[cfe-commits] [Patch]LocationContext Support for CheckedReturn

Ted Kremenek kremenek at apple.com
Thu Apr 14 23:17:41 PDT 2011


Hi Lei,

Just to follow up, I know this conversation has been a bit roundabout.  I'm trying to get a clear design for these kind of checkers, and I'm gradually understanding the requirements here.

I'm a bit nervous about caching data in the checker itself, since we've recently been changing the lifetime of a Checker object.  Previously the lifetime of a Checker object was bound to the lifetime of an ExprEngine, but now Checkers are managed by CheckerManager, and can conceptually be used by multiple ExprEngines.
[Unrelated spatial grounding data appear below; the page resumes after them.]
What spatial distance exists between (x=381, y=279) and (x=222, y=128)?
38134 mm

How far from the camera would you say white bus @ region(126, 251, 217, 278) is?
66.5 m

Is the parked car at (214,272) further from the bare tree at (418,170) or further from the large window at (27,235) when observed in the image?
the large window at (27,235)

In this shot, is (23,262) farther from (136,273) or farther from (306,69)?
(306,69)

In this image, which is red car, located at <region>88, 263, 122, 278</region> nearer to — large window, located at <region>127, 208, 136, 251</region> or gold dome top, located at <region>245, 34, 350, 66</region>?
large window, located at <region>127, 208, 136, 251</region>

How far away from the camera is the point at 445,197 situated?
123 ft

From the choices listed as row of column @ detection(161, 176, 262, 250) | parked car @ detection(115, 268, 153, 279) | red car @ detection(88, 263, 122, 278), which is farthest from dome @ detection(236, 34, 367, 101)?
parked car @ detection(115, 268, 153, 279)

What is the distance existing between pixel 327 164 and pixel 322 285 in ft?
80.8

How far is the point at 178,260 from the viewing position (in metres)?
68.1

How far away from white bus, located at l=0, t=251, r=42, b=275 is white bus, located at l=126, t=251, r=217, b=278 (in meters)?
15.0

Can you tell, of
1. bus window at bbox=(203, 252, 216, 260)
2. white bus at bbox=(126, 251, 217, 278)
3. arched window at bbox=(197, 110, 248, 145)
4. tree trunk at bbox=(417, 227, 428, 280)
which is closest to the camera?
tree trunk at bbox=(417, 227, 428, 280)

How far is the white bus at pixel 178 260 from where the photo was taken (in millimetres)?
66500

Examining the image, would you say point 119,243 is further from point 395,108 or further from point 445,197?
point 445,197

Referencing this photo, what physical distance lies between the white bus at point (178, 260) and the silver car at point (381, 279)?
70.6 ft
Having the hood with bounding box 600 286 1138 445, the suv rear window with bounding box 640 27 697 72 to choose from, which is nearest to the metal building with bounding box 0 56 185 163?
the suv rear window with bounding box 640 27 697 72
Keeping data in LocationContexts is a both hit and miss because they were intended to model context-sensitivity.  I can completely buy the argument that checkers may wish to record information in LocationContexts that are, well, tied to a given location context.  Your statistical checker, however, will be making assumptions about the LocationContext that doesn't seem true in all cases.
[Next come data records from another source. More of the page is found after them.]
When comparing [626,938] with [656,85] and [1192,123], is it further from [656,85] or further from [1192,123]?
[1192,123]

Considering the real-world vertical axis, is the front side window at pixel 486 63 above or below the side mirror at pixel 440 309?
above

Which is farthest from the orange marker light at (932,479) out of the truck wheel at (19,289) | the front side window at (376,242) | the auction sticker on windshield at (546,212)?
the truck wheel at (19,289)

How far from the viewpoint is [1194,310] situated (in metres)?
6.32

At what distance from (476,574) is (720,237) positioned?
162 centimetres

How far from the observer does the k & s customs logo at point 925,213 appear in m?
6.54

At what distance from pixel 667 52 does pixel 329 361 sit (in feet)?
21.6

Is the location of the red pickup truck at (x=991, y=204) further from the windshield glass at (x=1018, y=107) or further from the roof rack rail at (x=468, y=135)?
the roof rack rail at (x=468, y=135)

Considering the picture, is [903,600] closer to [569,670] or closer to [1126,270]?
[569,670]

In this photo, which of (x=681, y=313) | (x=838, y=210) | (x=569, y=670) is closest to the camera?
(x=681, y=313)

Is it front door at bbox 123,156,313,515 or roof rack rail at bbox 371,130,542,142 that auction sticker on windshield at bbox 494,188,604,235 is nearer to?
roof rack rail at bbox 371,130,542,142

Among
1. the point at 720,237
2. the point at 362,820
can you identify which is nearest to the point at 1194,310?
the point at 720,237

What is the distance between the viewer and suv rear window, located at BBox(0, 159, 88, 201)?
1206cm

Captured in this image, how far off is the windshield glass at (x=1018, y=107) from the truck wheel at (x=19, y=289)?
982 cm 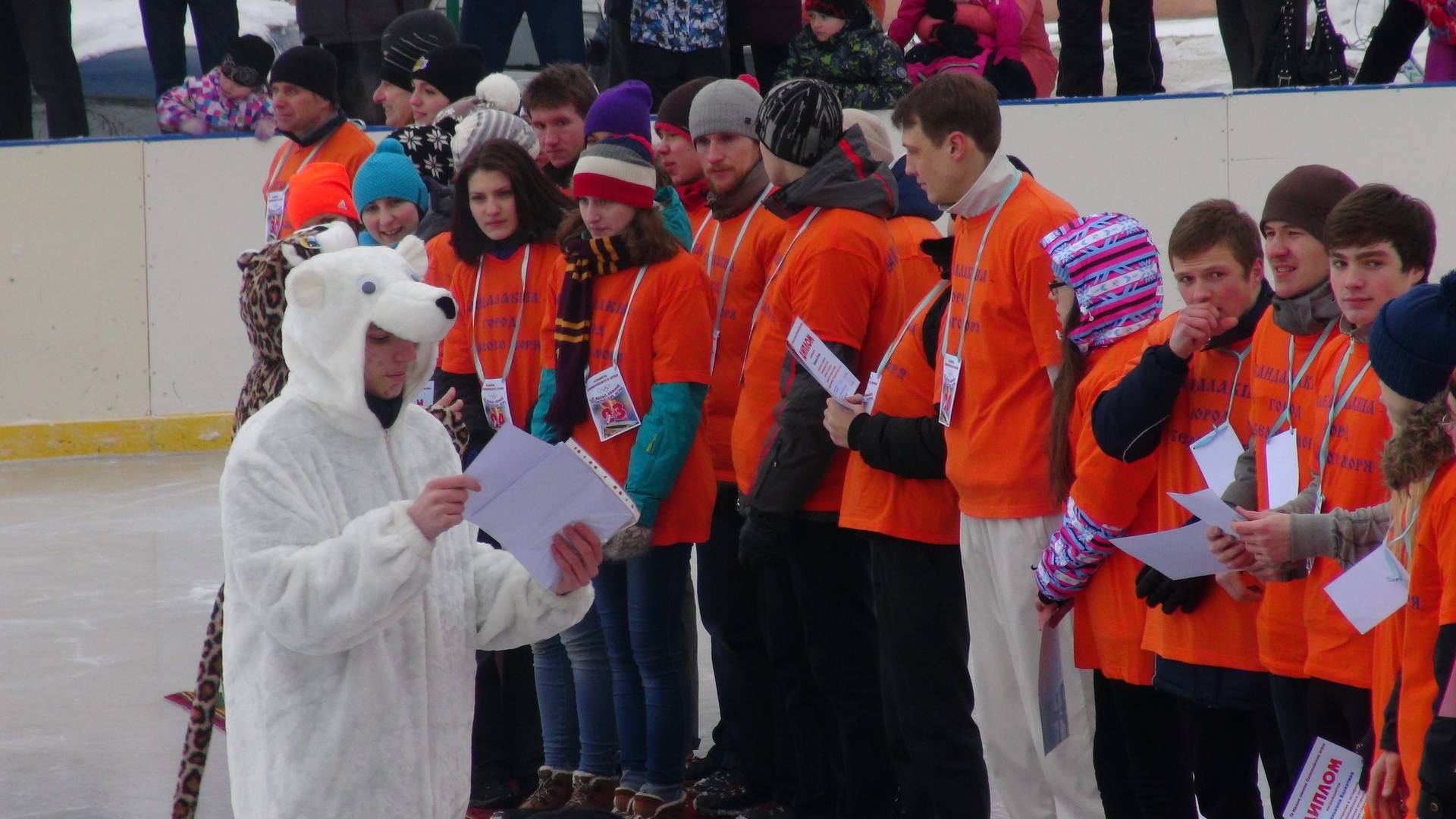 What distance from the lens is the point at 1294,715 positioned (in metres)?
2.99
I'm also a bit skeptical that all statistical checks would run in a strict "textual" (or one-function-at-a-time, no inling) versus the other extreme of whole program IPA.  It seems like different statistical checkers will want the freedom to collect, and possibly merge, different kinds of statistics, possibly from different LocationContexts.  That said, how statistics are collected is strictly a policy decision of the individual checker, but I'd be much happier that a statistical checker was fine with working in IPA mode as well; it just was smart about what statistics to collect.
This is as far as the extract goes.